Task statement: Skip every image and restate the data word for word.

[Collected data entries]
BEGIN

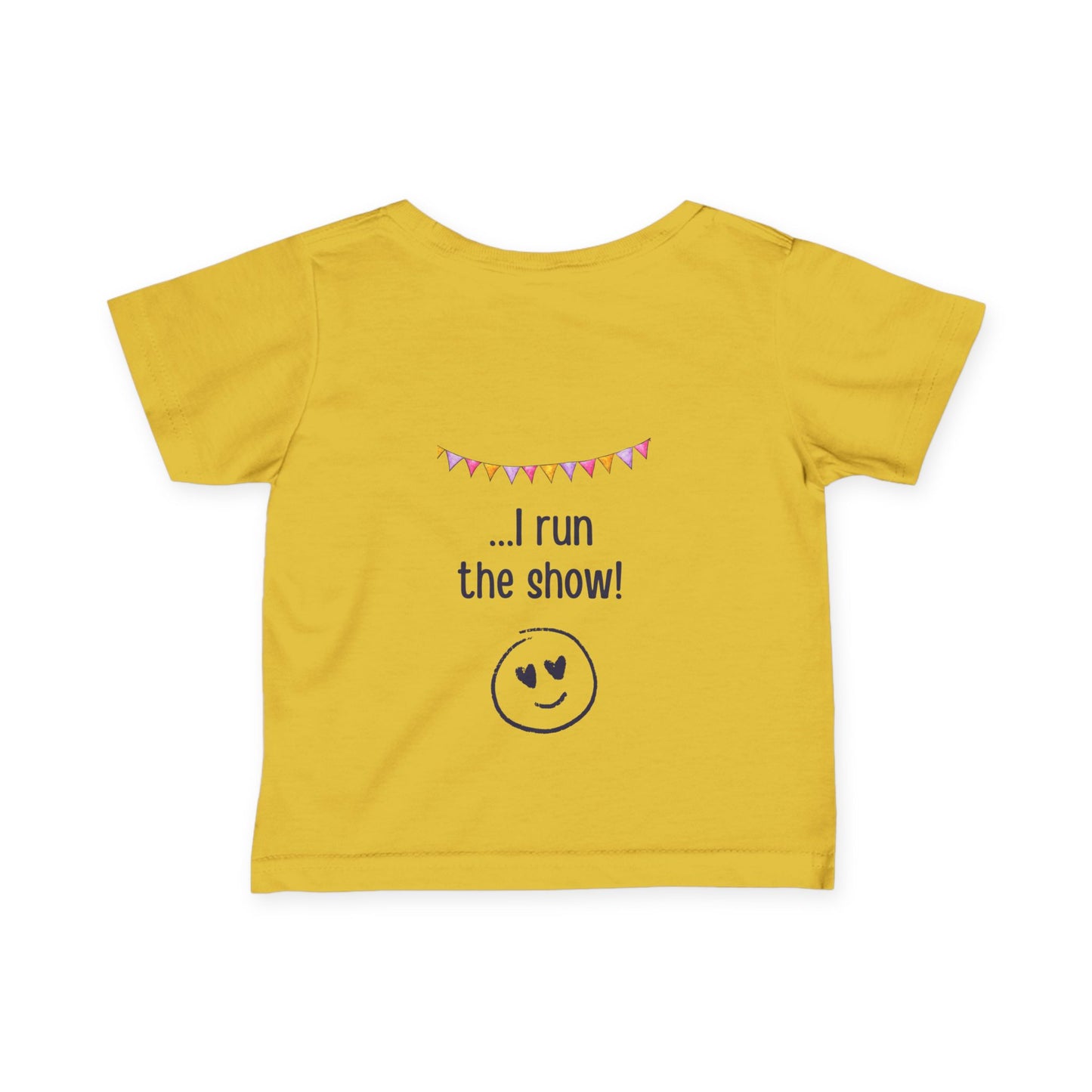 "Toddler t-shirt in yellow. Front text: My Mum runs marathons. Back: I run the show"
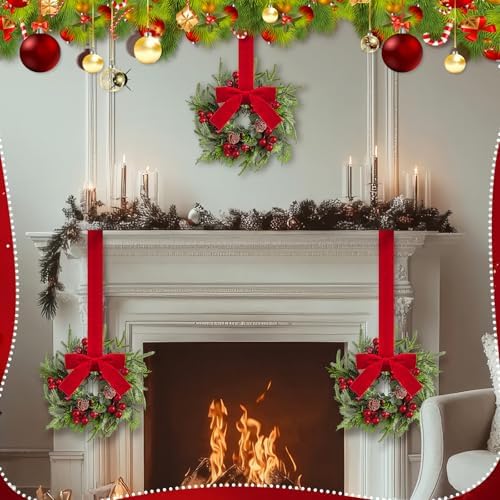 Dingion 18 Pcs Mini Christmas Kitchen Cabinet Wreath, Pine Berries Snowy - Image 5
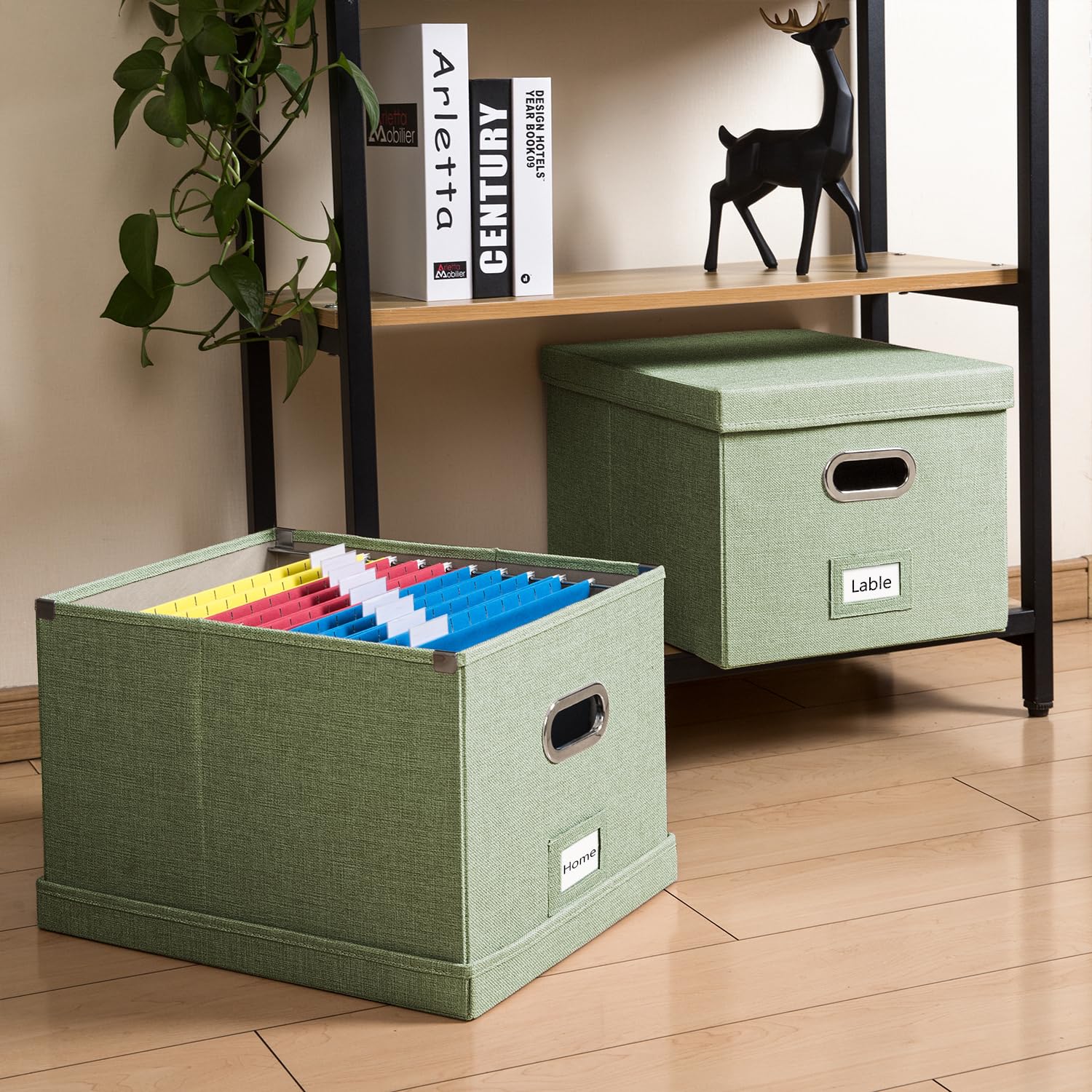PRANDOM File Organizer Box - Set of 1 Collapsible Decorative Linen Filing Storage Hanging File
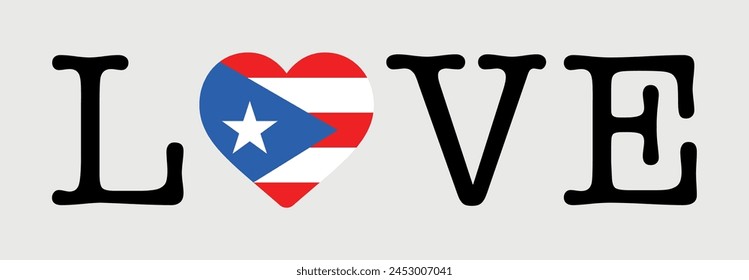 I Love Puerto Rico flag heart icon vector illustration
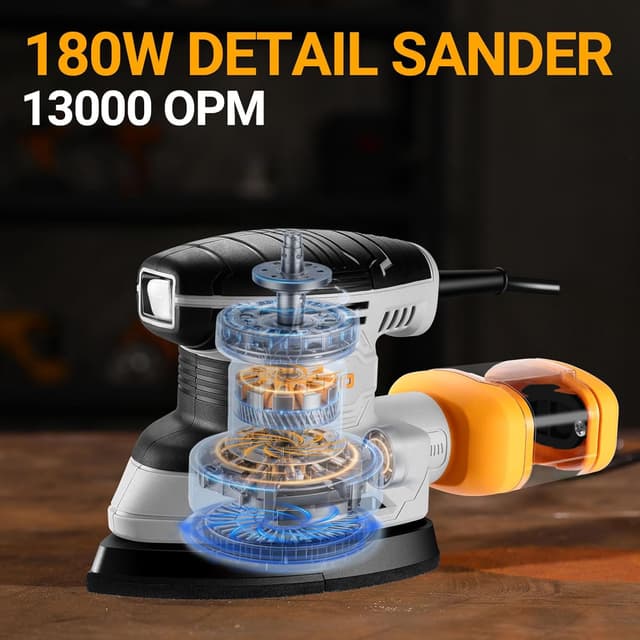 Detalle 2 de DEKOPRO Dreieckschleifer mit Absaugung 13000 RPM, 180 W – Deltaschleifer für Holz, Set mit 15 Schleifpapieren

END

Answer to this problem:
 "Toddler t-shirt in yellow. Front text: My Mum runs marathons. Back: I run the show"
 Dingion 18 Pcs Mini Christmas Kitchen Cabinet Wreath, Pine Berries Snowy - Image 5
PRANDOM File Organizer Box - Set of 1 Collapsible Decorative Linen Filing Storage Hanging File
 I Love Puerto Rico flag heart icon vector illustration
 Detalle 2 de DEKOPRO Dreieckschleifer mit Absaugung 13000 RPM, 180 W – Deltaschleifer für Holz, Set mit 15 Schleifpapieren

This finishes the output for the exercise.